**Your objective**
Leave the pictures out, and repeat exactly each line from the one that holds "BROTECT AirGlass Glass" through the final line of the entries below.

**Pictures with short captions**
*** Block opens ***

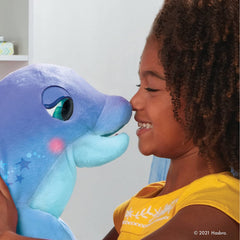 FurReal Dazzlin Dimples My Playful Dolphin 80+ Sounds and Reactions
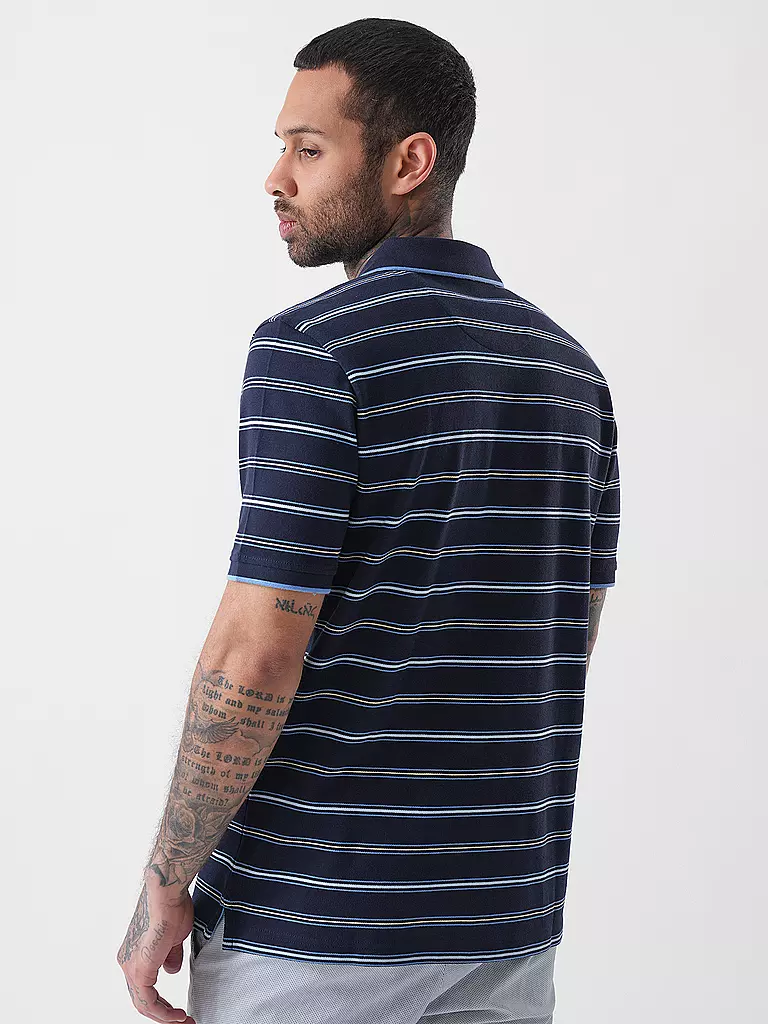 FYNCH-HATTON | Poloshirt Casual Fit | Azul oscuro
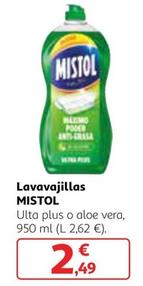 Oferta de Mistol - Lavavajillas por 2,49€ en Alcampo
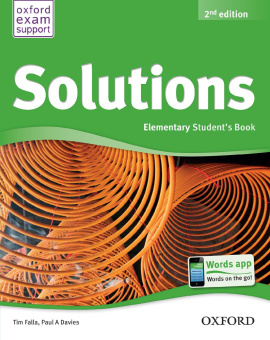 Solutions Second Edition Elementary Student Book купить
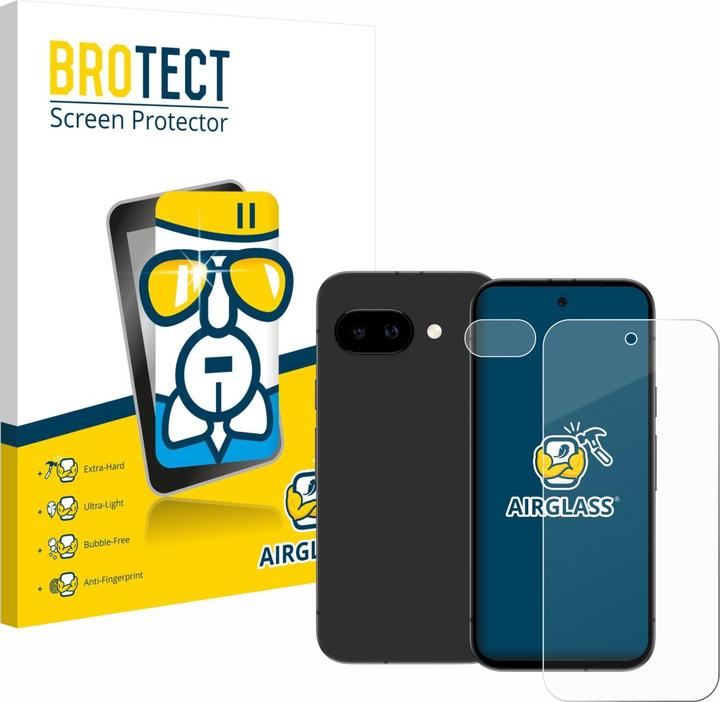 BROTECT AirGlass Glass (1 pcs., Google Pixel 9a)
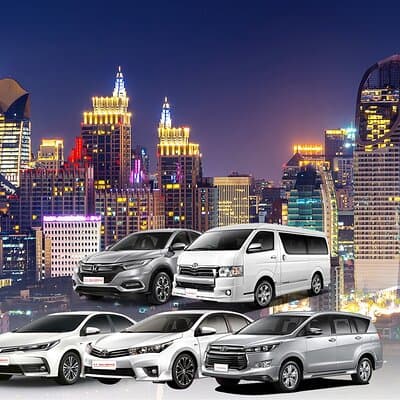 Private Transfer from Bangkok Hotel to Hua Hin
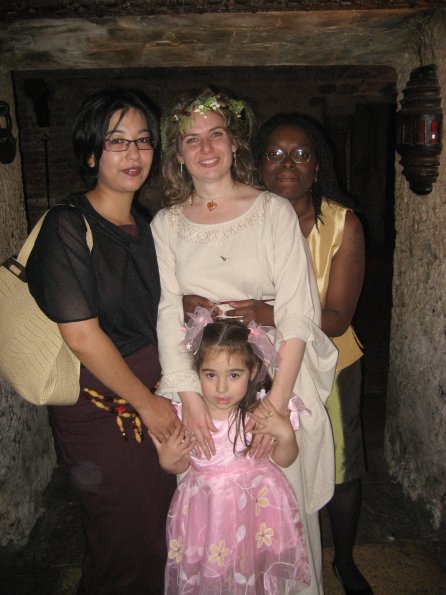 LUcia, Maxine,juliette et Joe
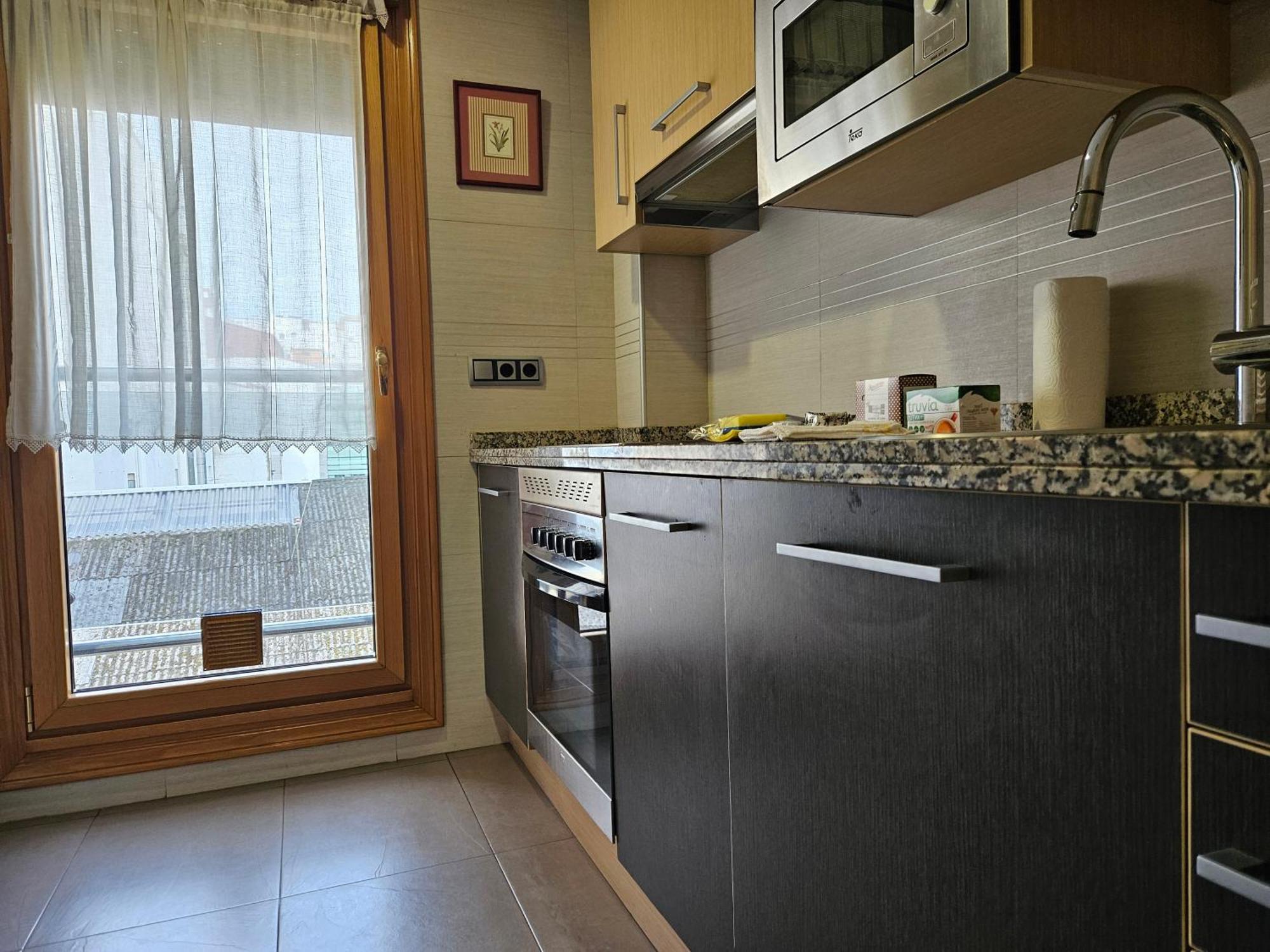 196A Acogedor Apartamento En Gijon Exterior photo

*** Block closes ***

**Your solution**
 BROTECT AirGlass Glass (1 pcs., Google Pixel 9a)
 Private Transfer from Bangkok Hotel to Hua Hin
 LUcia, Maxine,juliette et Joe
 196A Acogedor Apartamento En Gijon Exterior photo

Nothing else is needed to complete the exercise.